*Material provided*.
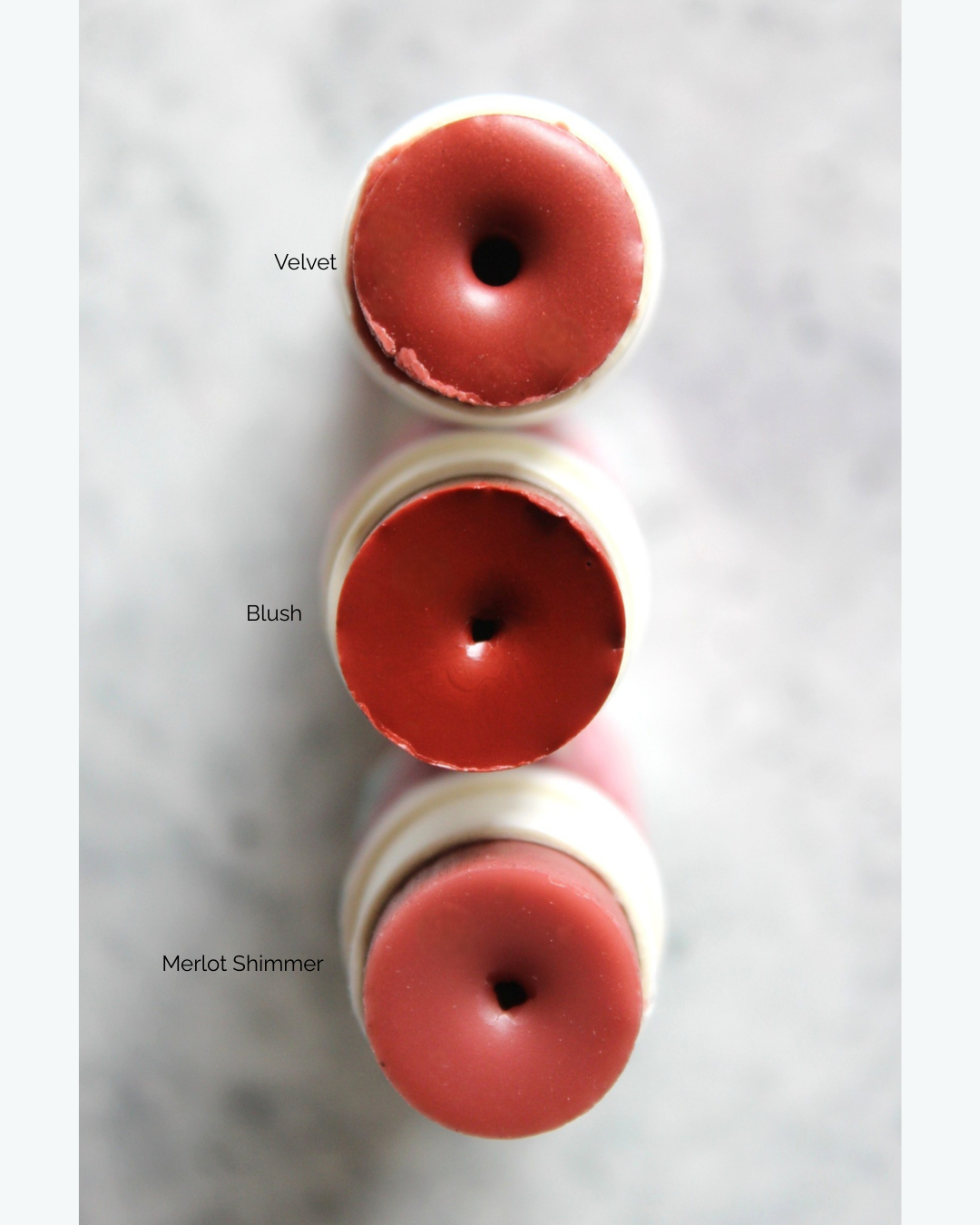 Three red lip products labeled 'Velvet', 'Blush', and 'Merlot Shimmer' on a light gray background.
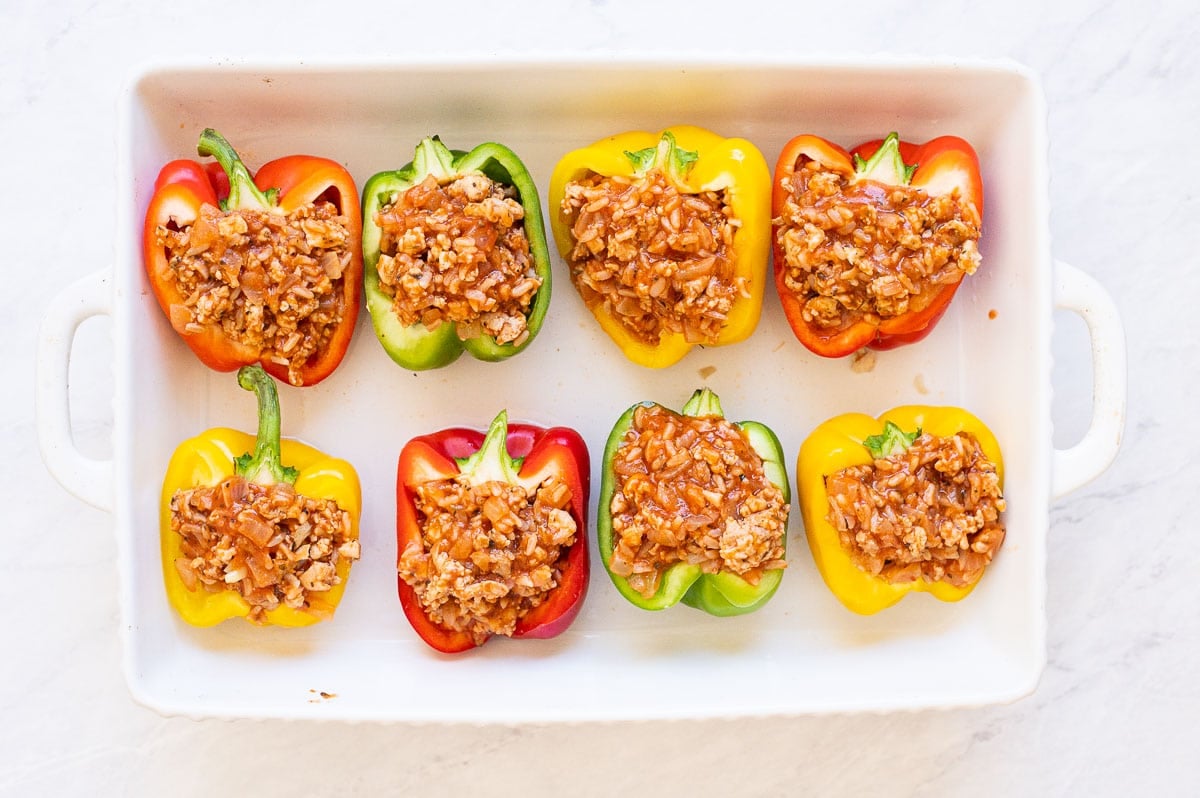 Eight unbaked pepper halves with stuffing in baking dish.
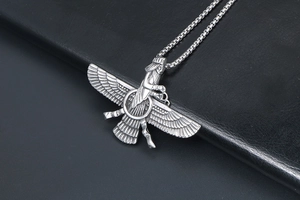 Macro view of Persian Faravahar necklace pendant with vintage silver wing details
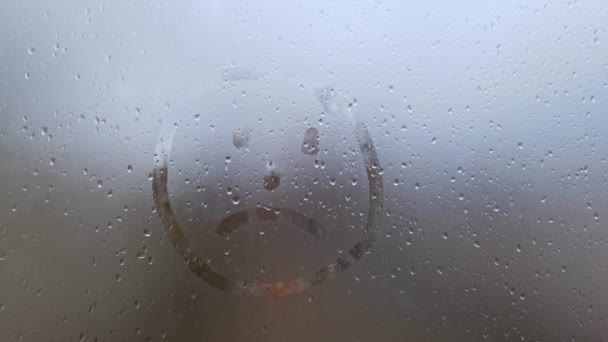 Drawing of a sad face on the fogged glass. a symbol of happy mood and sadness — Stock Video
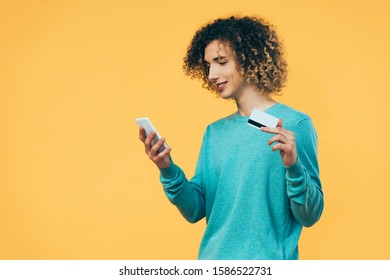 Smiling Curly Teenager Holding Smartphone And Credit Card Isolated On Yellow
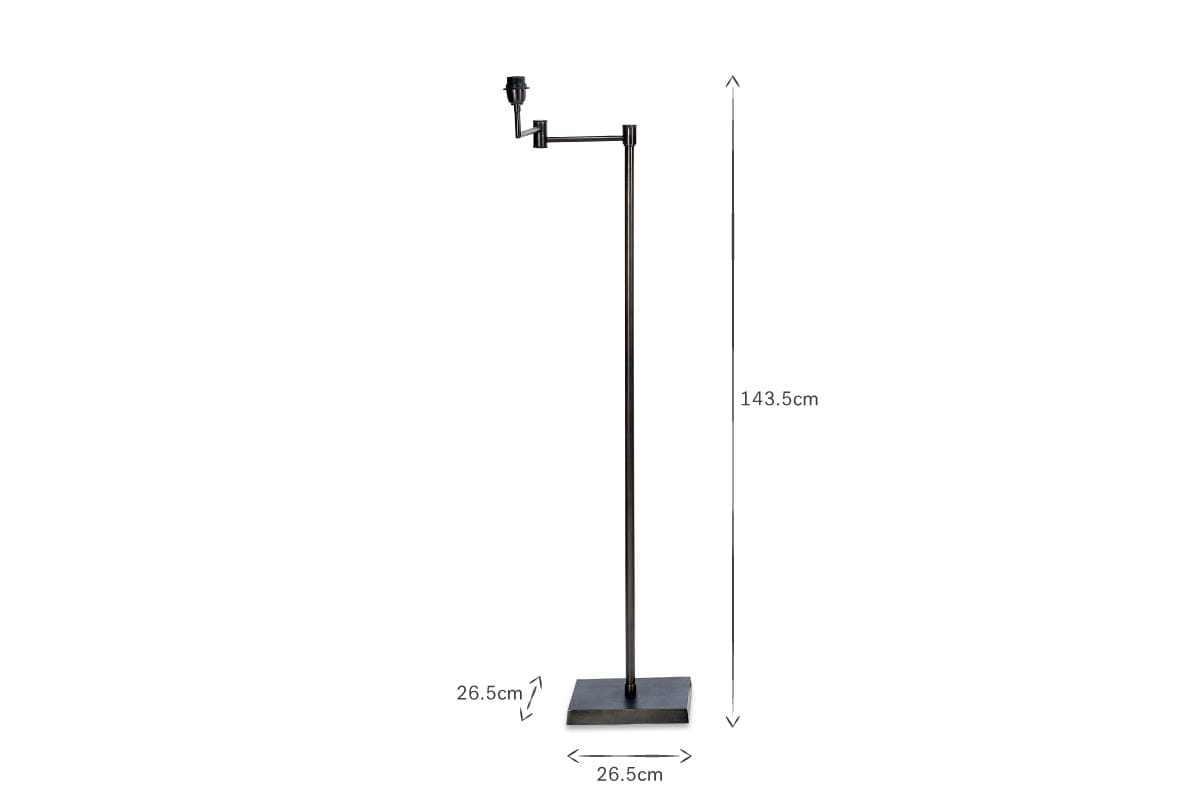 The Kara Iron Floor Lamp by nkuku showcases a slender, minimal design with a bronze finish and rectangular base. Standing 143.5 cm tall, it's photographed on a white background to highlight its modern elegance.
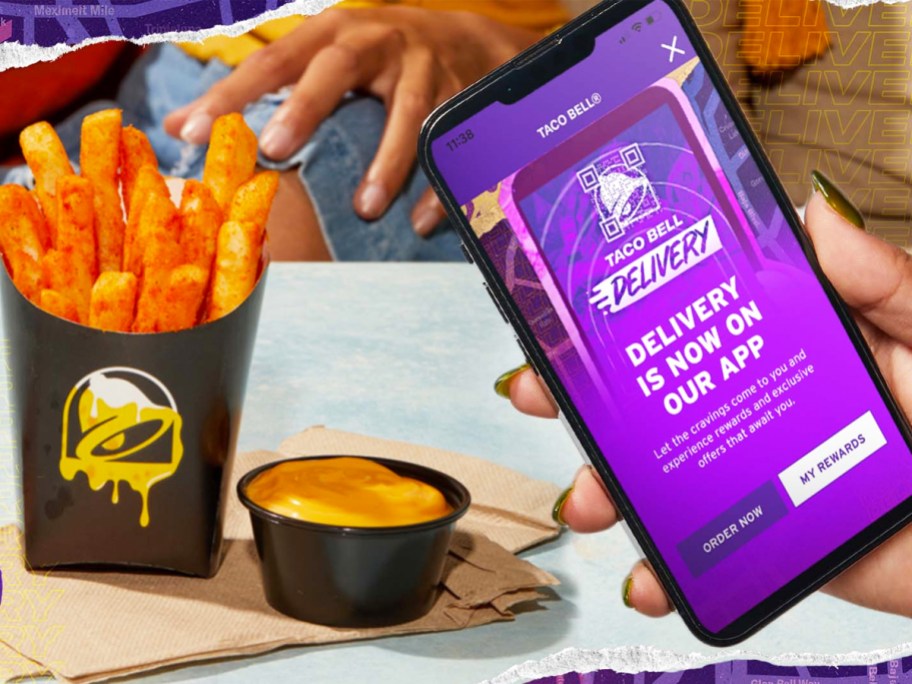 holding a phone with taco bell delivery on screen and nacho fries in background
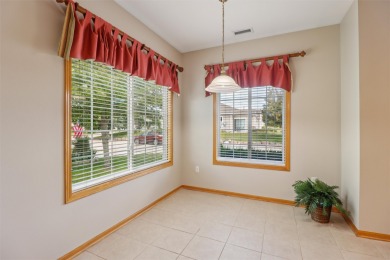 Enjoy low-maintenance living in this zero-entry, move-in ready on Briarwood Club of Ankeny in Iowa - for sale on GolfHomes.com, golf home, golf lot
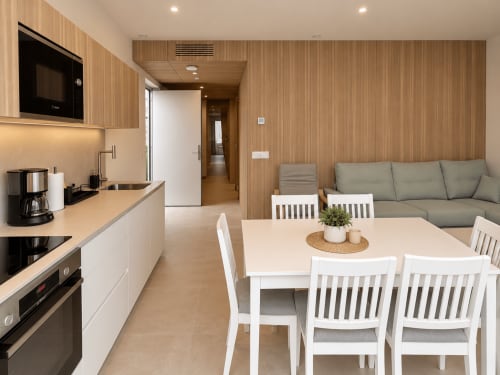 Cocina y sala de estar de apartamento moderno de 2 habitaciones en Baiona con detalles de madera, sillas blancas y sofá gris
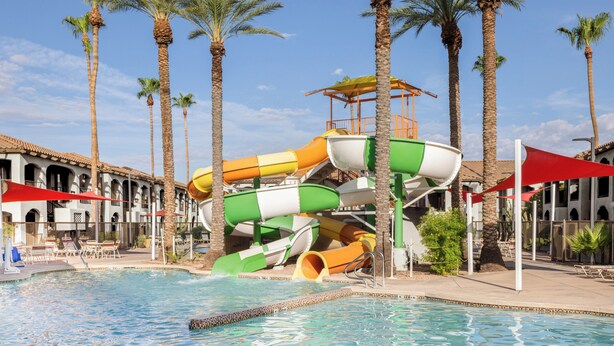 A water park with a multi-level water slide, palm trees, and a pool area with lounge chairs. - Holiday Inn Club Vacations Scottsdale Resort by IHG (Scottsdale)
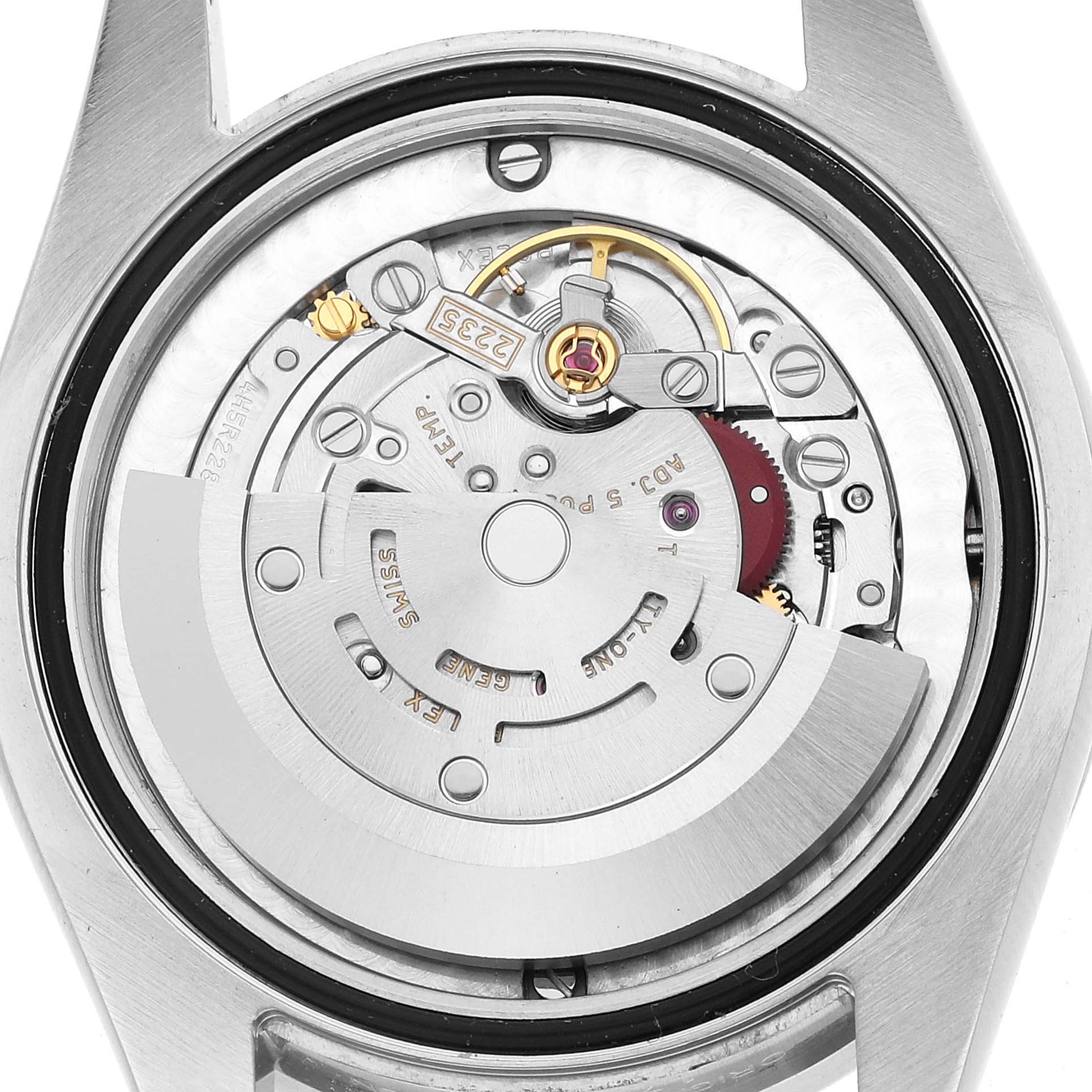 This image shows the back view of a Rolex Mid-Size 178384 Women's Stainless Steel Silver Dial model, highlighting its intricate movement and rotor.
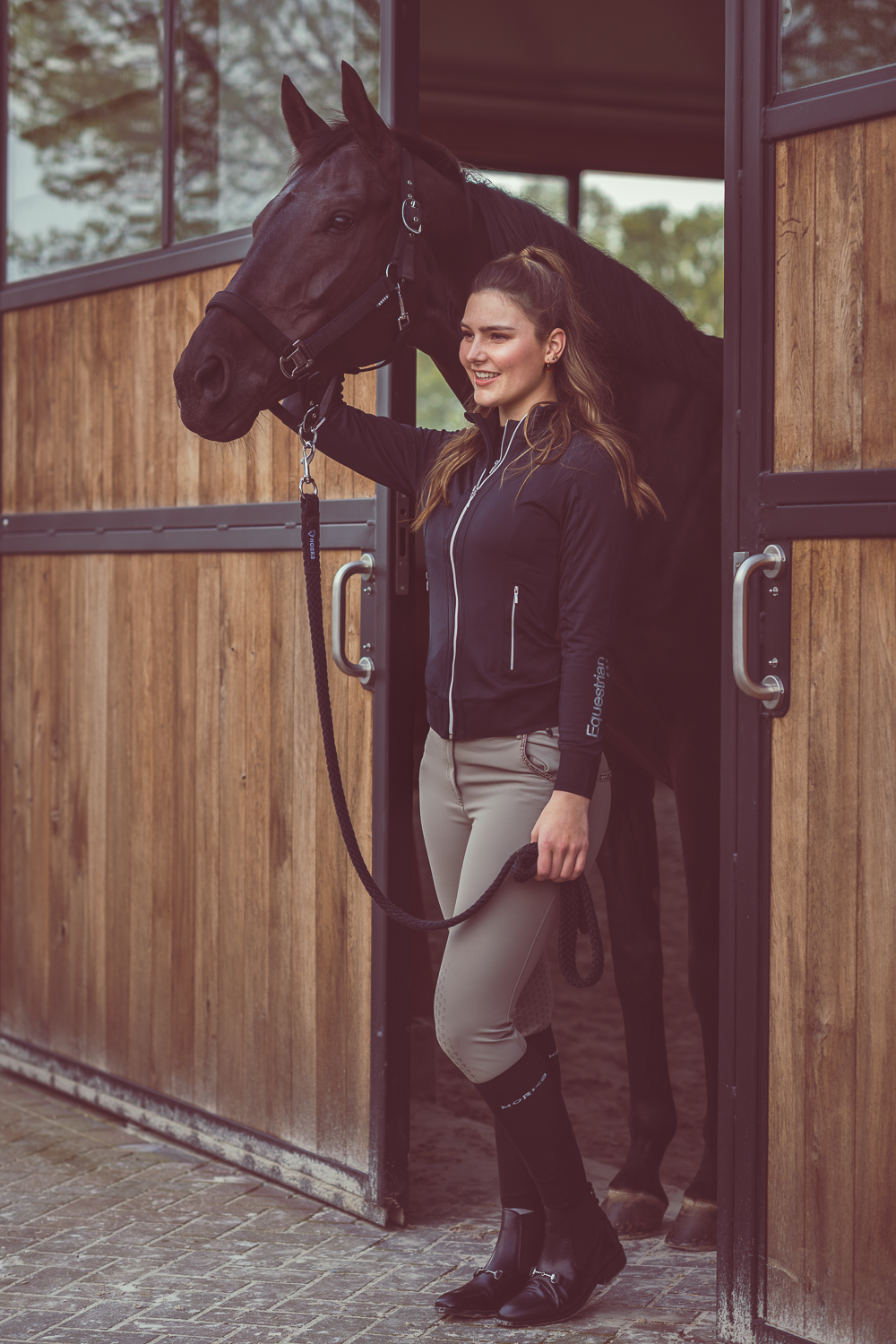 kristy snepvangers poseert in de kleding van horka met een paard dat tussen twee schuifdeuren staat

*Work order*. The copy should hold exactly the lines above from the one with "Macro view of" through the one with "This image shows", both ends counted, and no pictures at all.

*Output of the task*.
 Macro view of Persian Faravahar necklace pendant with vintage silver wing details
 Drawing of a sad face on the fogged glass. a symbol of happy mood and sadness — Stock Video
 Smiling Curly Teenager Holding Smartphone And Credit Card Isolated On Yellow
 The Kara Iron Floor Lamp by nkuku showcases a slender, minimal design with a bronze finish and rectangular base. Standing 143.5 cm tall, it's photographed on a white background to highlight its modern elegance.
 holding a phone with taco bell delivery on screen and nacho fries in background
 Enjoy low-maintenance living in this zero-entry, move-in ready on Briarwood Club of Ankeny in Iowa - for sale on GolfHomes.com, golf home, golf lot
 Cocina y sala de estar de apartamento moderno de 2 habitaciones en Baiona con detalles de madera, sillas blancas y sofá gris
 A water park with a multi-level water slide, palm trees, and a pool area with lounge chairs. - Holiday Inn Club Vacations Scottsdale Resort by IHG (Scottsdale)
 This image shows the back view of a Rolex Mid-Size 178384 Women's Stainless Steel Silver Dial model, highlighting its intricate movement and rotor.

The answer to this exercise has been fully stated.